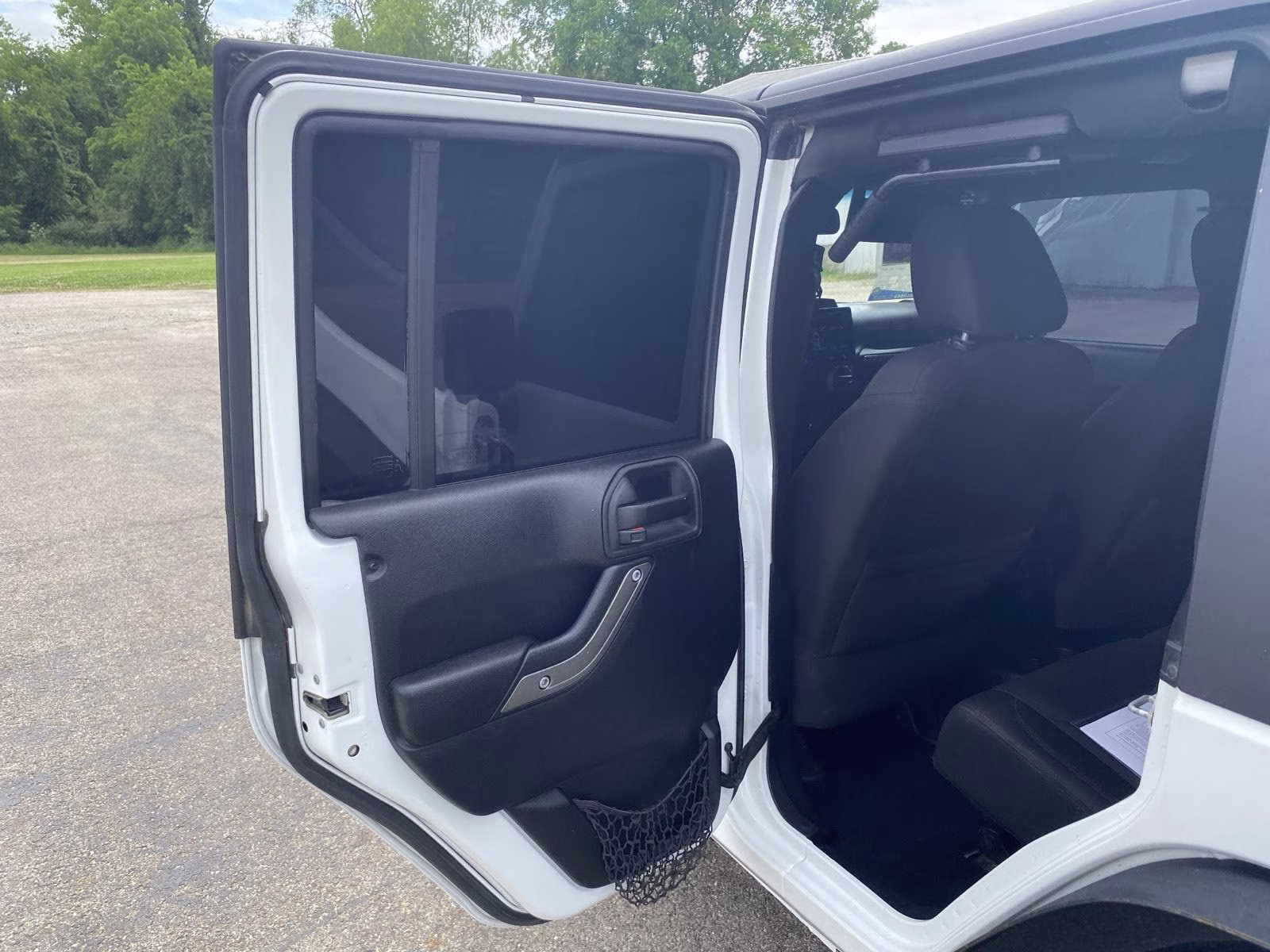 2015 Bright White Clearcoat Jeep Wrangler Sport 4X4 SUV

==

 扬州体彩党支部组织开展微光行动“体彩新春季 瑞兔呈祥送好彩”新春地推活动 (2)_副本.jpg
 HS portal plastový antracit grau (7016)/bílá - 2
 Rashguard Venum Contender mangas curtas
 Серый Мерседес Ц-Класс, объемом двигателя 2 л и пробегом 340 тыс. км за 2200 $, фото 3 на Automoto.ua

--

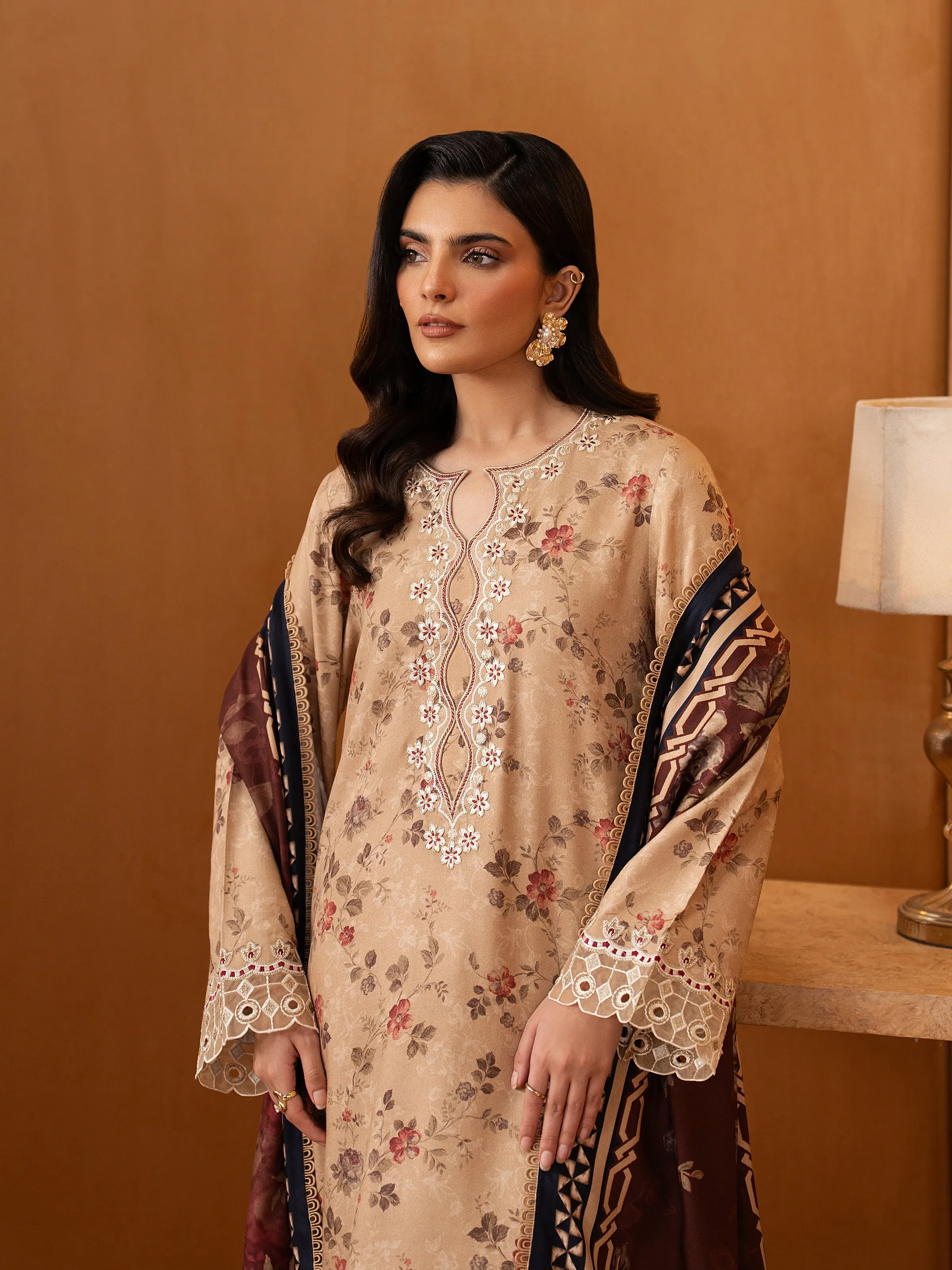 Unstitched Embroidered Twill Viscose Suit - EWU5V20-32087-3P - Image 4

Task directions – All lines in the data above from the one with "Rashguard Venum Contender mangas curtas" through the one with "Серый Мерседес Ц-Класс, объемом" must be repeated exactly, and no others.

Response area –
 Rashguard Venum Contender mangas curtas
 Серый Мерседес Ц-Класс, объемом двигателя 2 л и пробегом 340 тыс. км за 2200 $, фото 3 на Automoto.ua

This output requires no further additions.